:: REQUIRED ACTION ::
One part of the entries below is wanted: the lines from the one containing "PREFECTURA CU OCHII PE SCOLI" through the one containing "Vintage CASE XX". Write those out exactly and nothing else.

:: DATA UNDER STUDY ::
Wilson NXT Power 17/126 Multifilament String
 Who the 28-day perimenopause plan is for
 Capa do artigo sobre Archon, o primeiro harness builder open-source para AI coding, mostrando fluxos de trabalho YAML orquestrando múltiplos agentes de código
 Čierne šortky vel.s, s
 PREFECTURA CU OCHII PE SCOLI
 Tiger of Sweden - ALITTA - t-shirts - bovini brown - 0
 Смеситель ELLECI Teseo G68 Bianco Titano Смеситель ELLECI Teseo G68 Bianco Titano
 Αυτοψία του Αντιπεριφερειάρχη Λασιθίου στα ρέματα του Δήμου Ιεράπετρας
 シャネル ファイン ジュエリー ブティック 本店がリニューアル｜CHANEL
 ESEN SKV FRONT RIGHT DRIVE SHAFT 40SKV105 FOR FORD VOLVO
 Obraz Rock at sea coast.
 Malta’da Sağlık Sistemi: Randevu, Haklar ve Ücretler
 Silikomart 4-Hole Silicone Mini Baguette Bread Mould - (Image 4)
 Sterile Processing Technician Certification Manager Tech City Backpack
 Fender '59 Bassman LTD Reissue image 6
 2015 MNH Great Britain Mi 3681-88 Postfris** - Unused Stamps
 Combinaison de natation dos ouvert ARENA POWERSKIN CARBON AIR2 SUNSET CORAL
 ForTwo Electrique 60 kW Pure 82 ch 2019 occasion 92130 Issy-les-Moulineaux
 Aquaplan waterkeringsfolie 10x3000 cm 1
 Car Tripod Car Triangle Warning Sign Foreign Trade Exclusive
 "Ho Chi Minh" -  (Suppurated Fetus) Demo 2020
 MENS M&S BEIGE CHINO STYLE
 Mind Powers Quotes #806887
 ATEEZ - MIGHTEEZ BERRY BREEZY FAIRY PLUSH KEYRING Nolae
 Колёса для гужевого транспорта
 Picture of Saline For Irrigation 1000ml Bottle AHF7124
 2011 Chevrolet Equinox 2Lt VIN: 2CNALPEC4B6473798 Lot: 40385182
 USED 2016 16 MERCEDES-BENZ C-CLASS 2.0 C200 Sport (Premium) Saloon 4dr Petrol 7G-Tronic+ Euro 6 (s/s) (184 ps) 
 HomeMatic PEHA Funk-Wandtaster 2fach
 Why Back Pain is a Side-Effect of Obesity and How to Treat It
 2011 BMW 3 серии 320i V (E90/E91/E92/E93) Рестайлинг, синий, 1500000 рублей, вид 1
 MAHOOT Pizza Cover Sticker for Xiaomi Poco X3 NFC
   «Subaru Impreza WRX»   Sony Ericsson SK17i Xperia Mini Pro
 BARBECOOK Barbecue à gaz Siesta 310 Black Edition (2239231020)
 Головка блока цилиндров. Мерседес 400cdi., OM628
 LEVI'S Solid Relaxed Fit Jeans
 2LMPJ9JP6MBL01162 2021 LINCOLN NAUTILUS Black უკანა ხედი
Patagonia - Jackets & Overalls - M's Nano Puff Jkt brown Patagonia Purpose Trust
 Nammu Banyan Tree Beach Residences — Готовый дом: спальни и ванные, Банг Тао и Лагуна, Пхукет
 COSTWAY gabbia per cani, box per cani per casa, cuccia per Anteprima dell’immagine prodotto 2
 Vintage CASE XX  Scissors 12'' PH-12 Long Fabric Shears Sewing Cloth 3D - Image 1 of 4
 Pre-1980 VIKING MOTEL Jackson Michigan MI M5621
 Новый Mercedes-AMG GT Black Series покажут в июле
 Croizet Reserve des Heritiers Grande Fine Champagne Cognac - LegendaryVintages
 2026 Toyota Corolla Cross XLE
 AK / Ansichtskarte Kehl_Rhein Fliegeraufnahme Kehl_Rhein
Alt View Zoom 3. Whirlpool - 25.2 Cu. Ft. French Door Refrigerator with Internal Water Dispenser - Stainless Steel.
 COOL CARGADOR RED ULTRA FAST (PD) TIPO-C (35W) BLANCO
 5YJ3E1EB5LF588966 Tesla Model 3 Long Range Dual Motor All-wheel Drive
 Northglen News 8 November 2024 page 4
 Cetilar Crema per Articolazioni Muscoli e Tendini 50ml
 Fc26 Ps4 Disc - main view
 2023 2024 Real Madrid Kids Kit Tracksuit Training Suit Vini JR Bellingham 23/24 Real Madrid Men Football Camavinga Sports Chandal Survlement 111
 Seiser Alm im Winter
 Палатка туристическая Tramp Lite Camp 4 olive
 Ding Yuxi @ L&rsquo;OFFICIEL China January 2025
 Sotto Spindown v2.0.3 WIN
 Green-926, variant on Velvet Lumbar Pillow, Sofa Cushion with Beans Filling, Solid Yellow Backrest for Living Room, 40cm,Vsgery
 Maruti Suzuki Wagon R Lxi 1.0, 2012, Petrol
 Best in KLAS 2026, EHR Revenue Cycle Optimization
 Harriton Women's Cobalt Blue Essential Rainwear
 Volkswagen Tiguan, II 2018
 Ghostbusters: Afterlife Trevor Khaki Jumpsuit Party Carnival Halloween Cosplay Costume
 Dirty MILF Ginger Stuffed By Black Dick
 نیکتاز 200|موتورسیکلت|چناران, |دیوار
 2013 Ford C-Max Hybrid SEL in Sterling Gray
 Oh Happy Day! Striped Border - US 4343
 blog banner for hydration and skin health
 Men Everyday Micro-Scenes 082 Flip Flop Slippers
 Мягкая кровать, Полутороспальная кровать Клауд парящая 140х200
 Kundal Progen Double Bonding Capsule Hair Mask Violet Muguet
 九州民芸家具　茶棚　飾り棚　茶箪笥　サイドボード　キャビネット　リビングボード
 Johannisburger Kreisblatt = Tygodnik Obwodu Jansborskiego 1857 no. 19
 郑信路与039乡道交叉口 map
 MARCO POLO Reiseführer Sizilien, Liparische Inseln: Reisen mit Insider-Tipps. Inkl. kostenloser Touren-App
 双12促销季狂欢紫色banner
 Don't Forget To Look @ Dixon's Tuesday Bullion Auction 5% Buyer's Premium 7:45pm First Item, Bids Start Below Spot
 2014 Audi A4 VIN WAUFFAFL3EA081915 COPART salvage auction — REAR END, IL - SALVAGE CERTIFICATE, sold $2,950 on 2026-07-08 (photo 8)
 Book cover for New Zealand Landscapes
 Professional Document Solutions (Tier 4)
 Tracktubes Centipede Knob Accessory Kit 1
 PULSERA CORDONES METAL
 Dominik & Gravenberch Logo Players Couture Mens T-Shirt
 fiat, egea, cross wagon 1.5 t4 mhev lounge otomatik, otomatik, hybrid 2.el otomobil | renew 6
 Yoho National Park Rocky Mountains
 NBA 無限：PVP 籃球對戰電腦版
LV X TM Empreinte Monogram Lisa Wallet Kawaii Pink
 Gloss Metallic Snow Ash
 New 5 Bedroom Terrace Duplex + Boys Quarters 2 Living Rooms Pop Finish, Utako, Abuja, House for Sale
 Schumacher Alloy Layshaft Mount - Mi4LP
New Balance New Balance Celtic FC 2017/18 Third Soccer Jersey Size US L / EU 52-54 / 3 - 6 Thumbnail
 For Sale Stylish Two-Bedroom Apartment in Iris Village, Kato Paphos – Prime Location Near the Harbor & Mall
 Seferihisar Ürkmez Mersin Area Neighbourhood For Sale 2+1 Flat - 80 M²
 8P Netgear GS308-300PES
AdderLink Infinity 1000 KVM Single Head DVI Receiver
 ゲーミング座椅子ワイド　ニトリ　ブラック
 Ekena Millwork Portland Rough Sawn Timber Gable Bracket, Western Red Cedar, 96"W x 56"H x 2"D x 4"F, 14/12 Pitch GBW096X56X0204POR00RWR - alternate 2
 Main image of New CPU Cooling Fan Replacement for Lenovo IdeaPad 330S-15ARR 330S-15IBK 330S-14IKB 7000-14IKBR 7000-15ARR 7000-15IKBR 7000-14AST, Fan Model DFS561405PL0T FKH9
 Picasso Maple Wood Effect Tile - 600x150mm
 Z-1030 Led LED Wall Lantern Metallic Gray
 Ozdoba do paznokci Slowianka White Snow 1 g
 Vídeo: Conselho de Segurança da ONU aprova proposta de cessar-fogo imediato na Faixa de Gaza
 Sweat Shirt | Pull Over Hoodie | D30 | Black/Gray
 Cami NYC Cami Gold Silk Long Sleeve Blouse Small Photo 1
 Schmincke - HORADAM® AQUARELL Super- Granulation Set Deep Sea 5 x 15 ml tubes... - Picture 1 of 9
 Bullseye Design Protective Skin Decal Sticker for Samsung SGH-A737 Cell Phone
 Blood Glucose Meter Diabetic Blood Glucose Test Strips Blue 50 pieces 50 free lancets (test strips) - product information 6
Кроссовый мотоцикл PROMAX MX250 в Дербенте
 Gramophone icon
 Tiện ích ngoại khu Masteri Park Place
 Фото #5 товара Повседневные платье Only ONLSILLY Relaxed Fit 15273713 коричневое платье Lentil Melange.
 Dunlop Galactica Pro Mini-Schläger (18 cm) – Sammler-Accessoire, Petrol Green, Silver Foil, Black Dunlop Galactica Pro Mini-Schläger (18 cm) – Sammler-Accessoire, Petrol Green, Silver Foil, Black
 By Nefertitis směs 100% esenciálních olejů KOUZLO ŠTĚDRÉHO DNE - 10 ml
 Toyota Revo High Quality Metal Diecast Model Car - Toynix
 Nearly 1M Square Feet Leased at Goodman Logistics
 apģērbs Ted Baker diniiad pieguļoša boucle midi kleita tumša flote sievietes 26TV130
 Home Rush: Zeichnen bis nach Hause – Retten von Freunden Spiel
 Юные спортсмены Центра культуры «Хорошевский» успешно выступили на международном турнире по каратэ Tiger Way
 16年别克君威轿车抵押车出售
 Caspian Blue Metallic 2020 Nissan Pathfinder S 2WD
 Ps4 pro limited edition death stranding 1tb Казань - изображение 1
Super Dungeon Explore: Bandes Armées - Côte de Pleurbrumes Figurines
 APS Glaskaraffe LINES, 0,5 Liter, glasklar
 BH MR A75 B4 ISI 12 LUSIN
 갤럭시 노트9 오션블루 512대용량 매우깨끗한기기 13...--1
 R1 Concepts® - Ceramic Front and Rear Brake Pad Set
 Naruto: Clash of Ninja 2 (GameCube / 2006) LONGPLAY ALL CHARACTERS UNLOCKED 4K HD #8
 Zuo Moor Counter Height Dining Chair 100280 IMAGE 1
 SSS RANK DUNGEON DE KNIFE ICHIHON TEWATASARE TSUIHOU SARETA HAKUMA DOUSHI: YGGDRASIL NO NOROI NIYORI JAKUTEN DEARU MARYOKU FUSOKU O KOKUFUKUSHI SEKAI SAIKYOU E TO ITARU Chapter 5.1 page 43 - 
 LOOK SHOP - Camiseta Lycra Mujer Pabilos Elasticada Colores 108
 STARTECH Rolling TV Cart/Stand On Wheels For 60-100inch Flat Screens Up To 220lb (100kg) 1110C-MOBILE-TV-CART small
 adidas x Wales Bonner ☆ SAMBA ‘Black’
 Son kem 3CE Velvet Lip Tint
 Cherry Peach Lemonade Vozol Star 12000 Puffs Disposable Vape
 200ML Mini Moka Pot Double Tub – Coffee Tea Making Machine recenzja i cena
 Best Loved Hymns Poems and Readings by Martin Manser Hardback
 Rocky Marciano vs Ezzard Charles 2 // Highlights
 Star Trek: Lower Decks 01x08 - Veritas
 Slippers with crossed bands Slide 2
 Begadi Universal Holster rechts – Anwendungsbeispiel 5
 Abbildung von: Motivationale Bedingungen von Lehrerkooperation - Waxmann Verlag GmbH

:: EXERCISE OUTPUT ::
 PREFECTURA CU OCHII PE SCOLI
 Tiger of Sweden - ALITTA - t-shirts - bovini brown - 0
 Смеситель ELLECI Teseo G68 Bianco Titano Смеситель ELLECI Teseo G68 Bianco Titano
 Αυτοψία του Αντιπεριφερειάρχη Λασιθίου στα ρέματα του Δήμου Ιεράπετρας
 シャネル ファイン ジュエリー ブティック 本店がリニューアル｜CHANEL
 ESEN SKV FRONT RIGHT DRIVE SHAFT 40SKV105 FOR FORD VOLVO
 Obraz Rock at sea coast.
 Malta’da Sağlık Sistemi: Randevu, Haklar ve Ücretler
 Silikomart 4-Hole Silicone Mini Baguette Bread Mould - (Image 4)
 Sterile Processing Technician Certification Manager Tech City Backpack
 Fender '59 Bassman LTD Reissue image 6
 2015 MNH Great Britain Mi 3681-88 Postfris** - Unused Stamps
 Combinaison de natation dos ouvert ARENA POWERSKIN CARBON AIR2 SUNSET CORAL
 ForTwo Electrique 60 kW Pure 82 ch 2019 occasion 92130 Issy-les-Moulineaux
 Aquaplan waterkeringsfolie 10x3000 cm 1
 Car Tripod Car Triangle Warning Sign Foreign Trade Exclusive
 "Ho Chi Minh" -  (Suppurated Fetus) Demo 2020
 MENS M&S BEIGE CHINO STYLE
 Mind Powers Quotes #806887
 ATEEZ - MIGHTEEZ BERRY BREEZY FAIRY PLUSH KEYRING Nolae
 Колёса для гужевого транспорта
 Picture of Saline For Irrigation 1000ml Bottle AHF7124
 2011 Chevrolet Equinox 2Lt VIN: 2CNALPEC4B6473798 Lot: 40385182
 USED 2016 16 MERCEDES-BENZ C-CLASS 2.0 C200 Sport (Premium) Saloon 4dr Petrol 7G-Tronic+ Euro 6 (s/s) (184 ps) 
 HomeMatic PEHA Funk-Wandtaster 2fach
 Why Back Pain is a Side-Effect of Obesity and How to Treat It
 2011 BMW 3 серии 320i V (E90/E91/E92/E93) Рестайлинг, синий, 1500000 рублей, вид 1
 MAHOOT Pizza Cover Sticker for Xiaomi Poco X3 NFC
   «Subaru Impreza WRX»   Sony Ericsson SK17i Xperia Mini Pro
 BARBECOOK Barbecue à gaz Siesta 310 Black Edition (2239231020)
 Головка блока цилиндров. Мерседес 400cdi., OM628
 LEVI'S Solid Relaxed Fit Jeans
 2LMPJ9JP6MBL01162 2021 LINCOLN NAUTILUS Black უკანა ხედი
Patagonia - Jackets & Overalls - M's Nano Puff Jkt brown Patagonia Purpose Trust
 Nammu Banyan Tree Beach Residences — Готовый дом: спальни и ванные, Банг Тао и Лагуна, Пхукет
 COSTWAY gabbia per cani, box per cani per casa, cuccia per Anteprima dell’immagine prodotto 2
 Vintage CASE XX  Scissors 12'' PH-12 Long Fabric Shears Sewing Cloth 3D - Image 1 of 4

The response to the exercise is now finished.